Ева идет к своей картотеке. Длинная коробка с карточками поделена на два отделения. Деревянную коробку и надписи на металлических пластинках ей делал отец. На первой пластинке написано: «Мужчины Утешительниц». На второй – «Мужчины Плакальщиц». Лет в двенадцать, валяясь в гамаке с книжкой и наблюдая, как отец мастерит, Ева заговорила об отношениях между мужчиной и женщиной. Отец поддержал разговор, они стали придумывать стандартные выходы из положений и условно делить женщин по стилям поведения: деловая, капризная, плакса, хохотушка, и так далее, пока отец не сказал, что на самом деле женщины делятся только на три категории – выдумщицы, исполнительницы и путешественницы. К пятнадцати годам, когда Ева честно рассказала отцу про первый сексуальный опыт, отец предложил усложнить классификацию. Решено было мужчин привязать по стилям поведения к животным, птицам или насекомым. Отец, работавший тогда охранником высокопоставленного лица, часто отлучающийся с этим лицом в загранкомандировки, писал в открытках с видами горных Альп, или скользкой Венеции: «Хозяйка гостиницы – хитрая бестия, из Выдумщиц, с Сусликом говорит на французском, с обслугой на английском, а со мной на венгерском. Погода отвратительна, да ты же знаешь, мне всегда не везет с этим. Секретарь Суслика – настоящая Утешительница, работает два месяца, а уже всем предлагает помочь решить любую проблему, но чуть что – падает в обморок от ужаса предстоящих хлопот и не понимает английских анекдотов. Скучно. Целую тебя, моя Выдумщица. Твой старый Орел.»
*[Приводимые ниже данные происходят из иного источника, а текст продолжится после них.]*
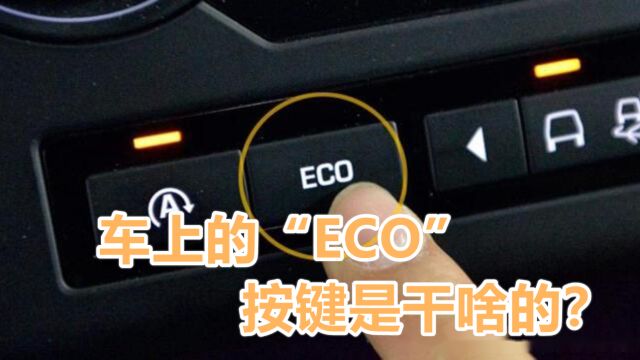 车上的“ECO”按键是干啥的?老司机:这都不明白,买车钱白花了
Когда Ева выбирала после школы институт, Выдумщицы вместе с Путешественницами преобразовались в Плакальщиц, потому что она написала небольшое стихотворение про женщин, нанятых рыдать у чужих могил, это стихотворение напечатали в журнале, оно называлось «Сон Плакальщицы». Таким образом, женщины были поделены на Утешительниц и Плакальщиц. Ева тогда была помешана на Ницше и Дали, влюблялась по пять раз в неделю, оттачивая, как говорил отец, «стервозность прекрасной Плакальщицы». После ее скандального романа на втором курсе с преподавателем права, отец обнаружил пропажу своего пистолета и коробки с патронами. Он провел с Евой короткую беседу, убеждая зареванную после разговора с деканом факультета дочь, что никакой облезлый Лев не имеет права посягать на ее индивидуальность. И если уж она считает себя Плакальщицей, то должна иметь, а не давать. Завораживать, а не пугать самоубийством, как последняя Утешительница. И что смешней застрелившейся Плакальщицы может быть только занимающаяся онанизмом Утешительница. Ева, утерев ладонью под носом, сказала, что просто должна была лишний раз убедиться, что она – лучшая. «Убедилась?» – спросил отец. «Убедилась. Я с десяти метров попадаю в муху на стене.»
Они пошли в гараж, где на баррикаде из ящиков отец пришпилил нарисованную фломастером мишень, и Ева за десять минут доказала, что спокойна и сосредоточена – рука не дрогнула, дыхание не подвело. Тогда отец обнял ее и поздравил. Он сказал, что она неплохо стреляет по мишени, и теперь пора познакомить ее с Соломоном, который научит стрелять на звук и движение воздуха.